Search code examples
google-apps-scriptgoogle-sheetsgoogle-sheets-formulaformula

Removing duplicate/opposite entries in Google Sheets


I have a sheet containing the following data: URL A, URL B, similar score in percent.

If URL A is 98% similar to URL B, it means that URL B is 98% similar to URL A, and listed as well.

I want to find and eliminate these duplicates/reversed entries. For now, I have tried having two extra columns concatenating URL A+URL B in one, and URL B+URL A in one. This way I have unique identifiers.

After this I'm kinda stuck, because I'm dealing with a lot of variables, as data is in two different rows, and two different columns.
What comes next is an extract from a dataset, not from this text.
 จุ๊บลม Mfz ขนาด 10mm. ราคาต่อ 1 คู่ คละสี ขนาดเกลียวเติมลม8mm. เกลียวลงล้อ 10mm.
I might be looking into a script, taking the A+B value, iterating through the B+A value until it finds a match, and somehow marks this (or simply just deletes it), since my knowledge of formulas for highlighting these duplicates are falling short.

This sheet shows the concept - the first 100 rows (it's about 11K in total): https://docs.google.com/spreadsheets/d/1YKsguAn1lYjV4FlP_6_TlKGvFcpFAEzn7bpAyOEmozQ/edit?usp=sharing

Any suggestions for what I should look into?


Solution

  • I ended up with a solution where I sorted by URL A and implemented this formula:

    =IF(A2<B2,A2&B2,B2&A2)
    

    This way I had the concatenation the same way for the real one and the opposite. I didn't know you could use "<" on strings.

    After this, I could delete duplicated values in the column with the formula above.